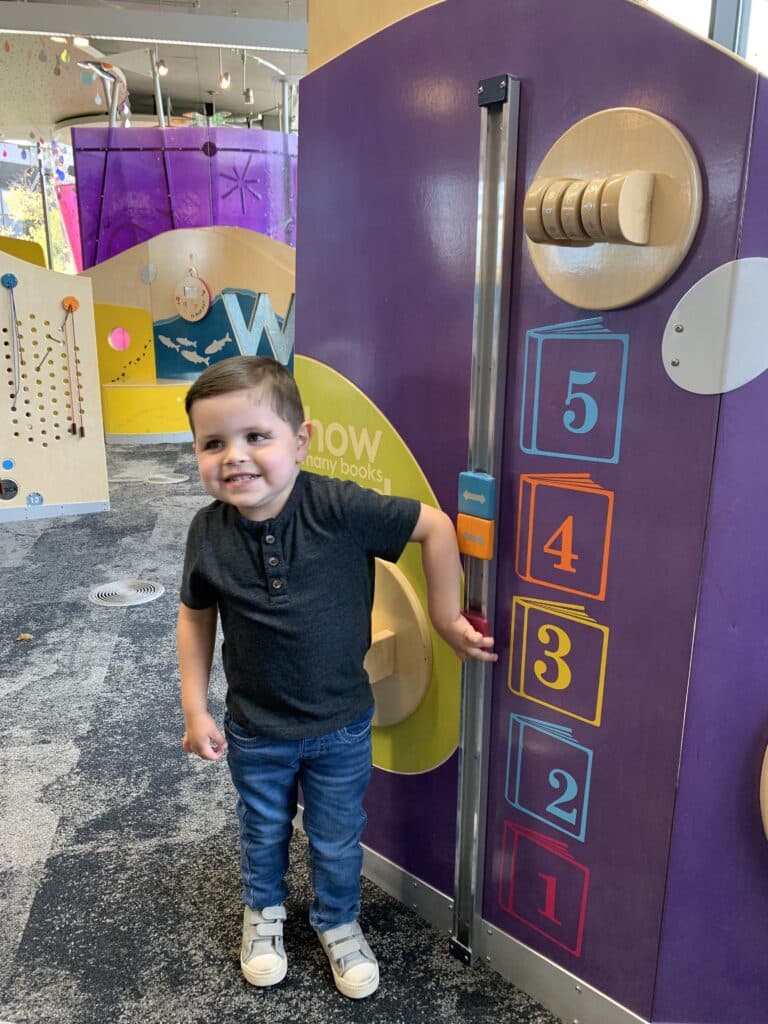 A young boy smiles in front of a colorful library display featuring numbers. Vancouver Community Library is on our list of free indoor things to do with kids in Vancouver and Clark County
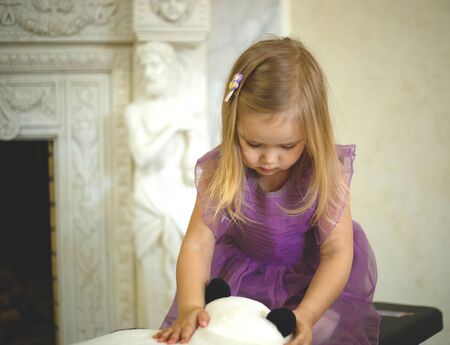 Little girl in a lavender dress playing with a soft toy.の写真素材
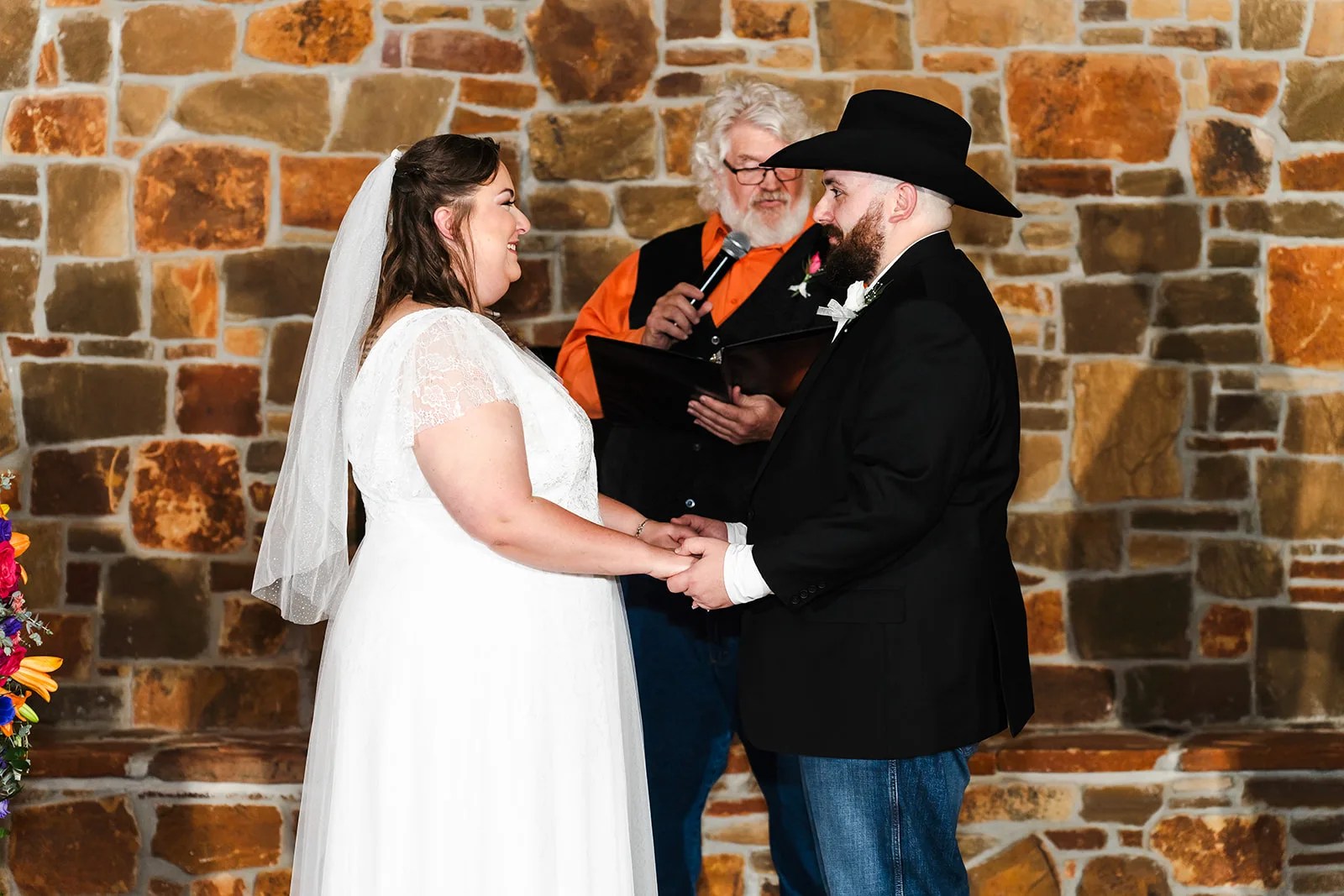 Bride and groom by the stone wall at Rustic Rose Events in Willis, TX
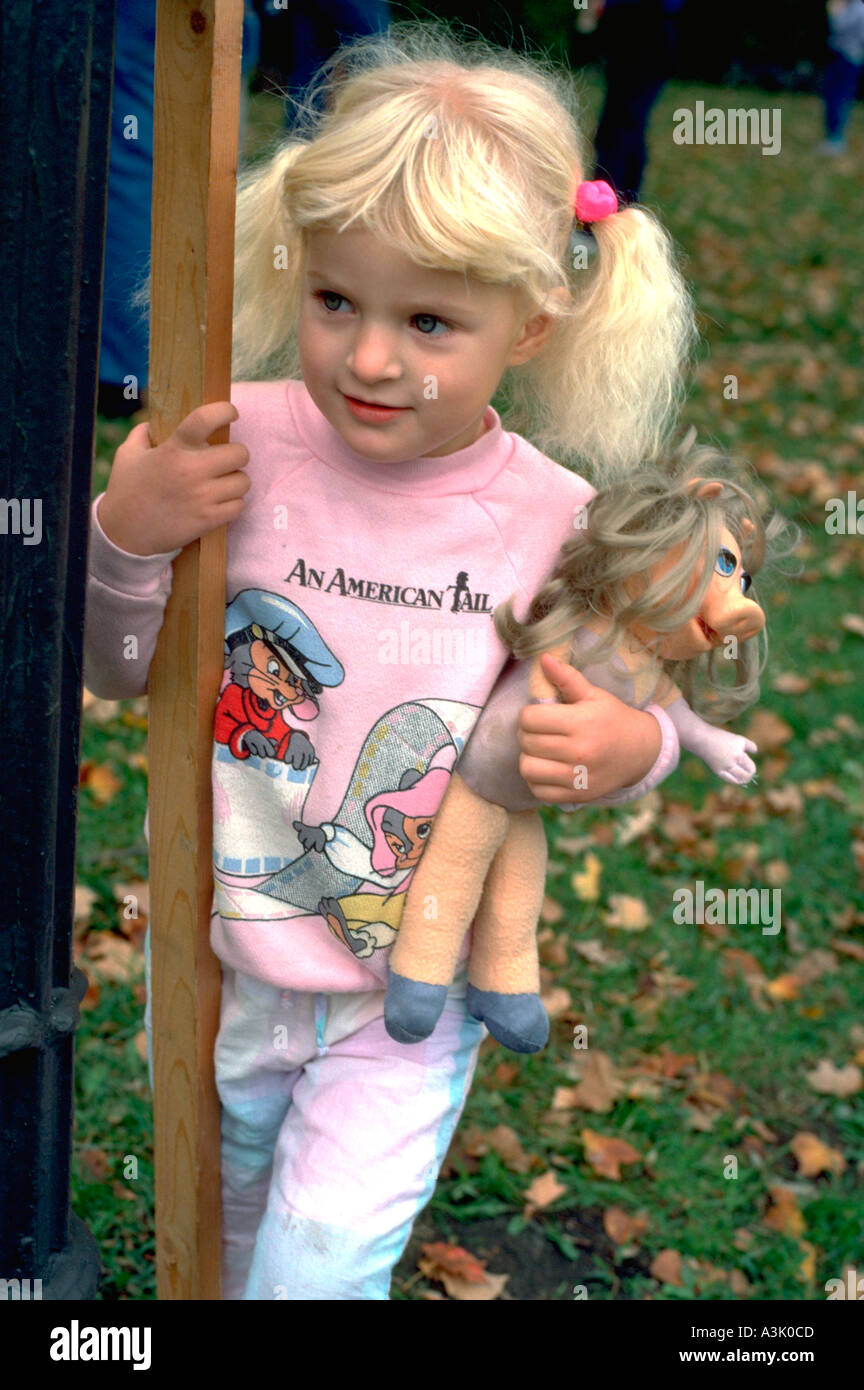 Girl with Miss Piggy doll at Catholic School bike-a-thon age 3. St Paul Minnesota USA Stock Photo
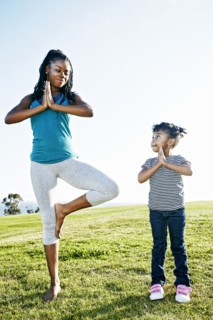 Black mother and daughter practicing yoga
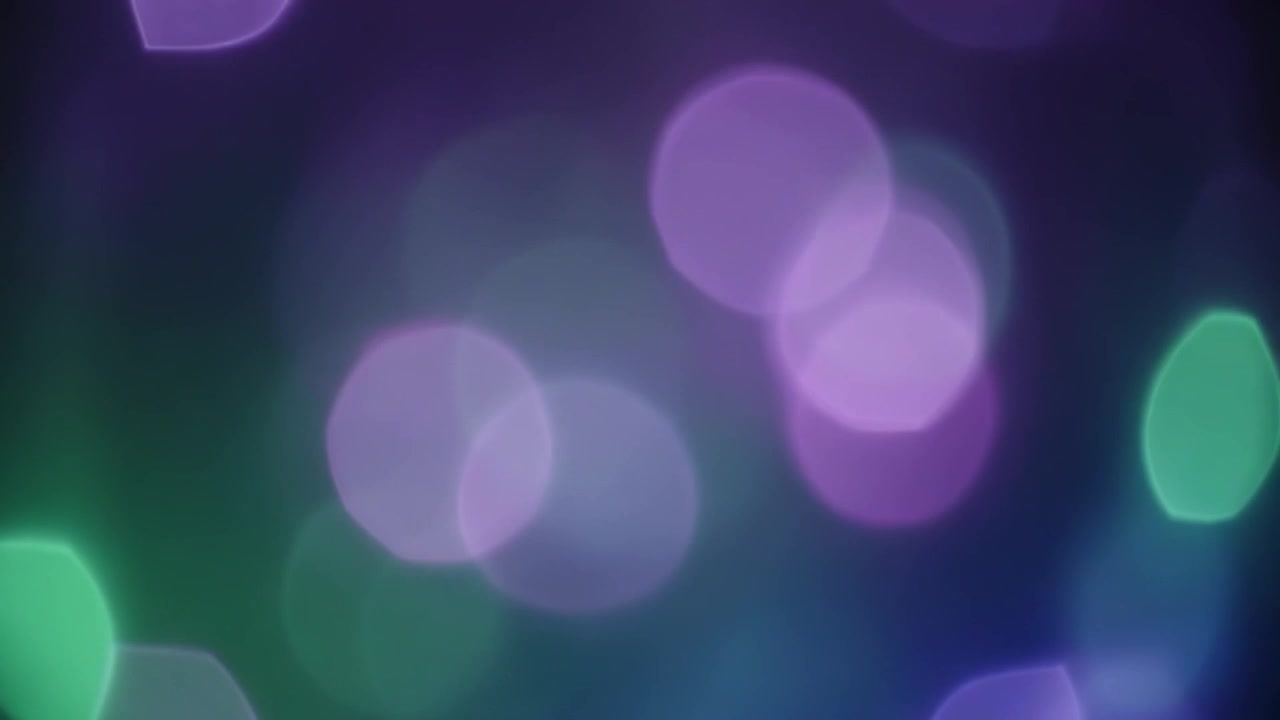 Abstract Background with Soft Purple and Green Bokeh Light Orbs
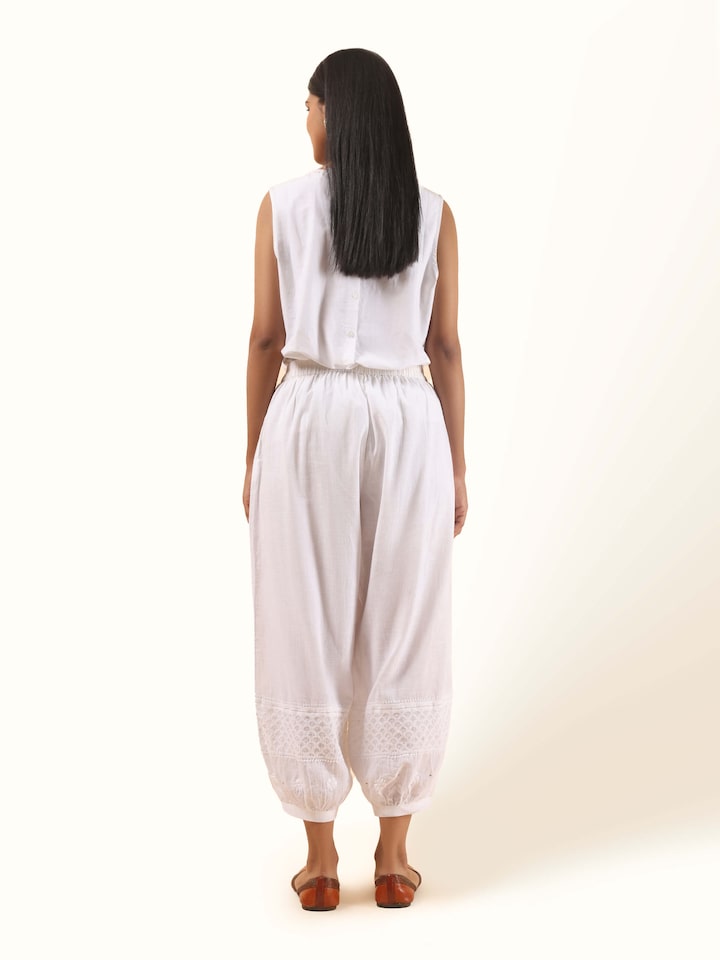 Back view of white cotton chikankari harem pants paired with a casual top, highlighting the flow and fit of the embroidered pants.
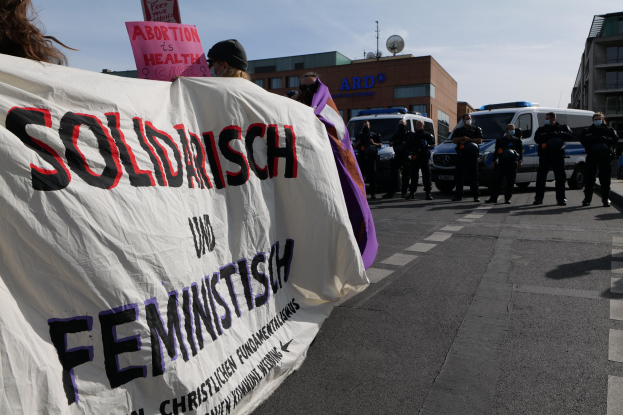 Eine Gruppe von Menschen marschiert auf einer Straße, hält ein Banner mit der Aufschrift "Solidarität und Feminismus" in den Händen, mit parkenden Fahrzeugen und Gebäuden im Hintergrund unter einem klaren blauen Himmel.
• • •
**WHAT THE TASK REQUIRES**
Write every entry again exactly as given, skipping the pictures.

**EXERCISE OUTPUT**
 A young boy smiles in front of a colorful library display featuring numbers. Vancouver Community Library is on our list of free indoor things to do with kids in Vancouver and Clark County
 Little girl in a lavender dress playing with a soft toy.の写真素材
 Bride and groom by the stone wall at Rustic Rose Events in Willis, TX
 Girl with Miss Piggy doll at Catholic School bike-a-thon age 3. St Paul Minnesota USA Stock Photo
 Black mother and daughter practicing yoga
 Abstract Background with Soft Purple and Green Bokeh Light Orbs
 Back view of white cotton chikankari harem pants paired with a casual top, highlighting the flow and fit of the embroidered pants.
 Eine Gruppe von Menschen marschiert auf einer Straße, hält ein Banner mit der Aufschrift "Solidarität und Feminismus" in den Händen, mit parkenden Fahrzeugen und Gebäuden im Hintergrund unter einem klaren blauen Himmel.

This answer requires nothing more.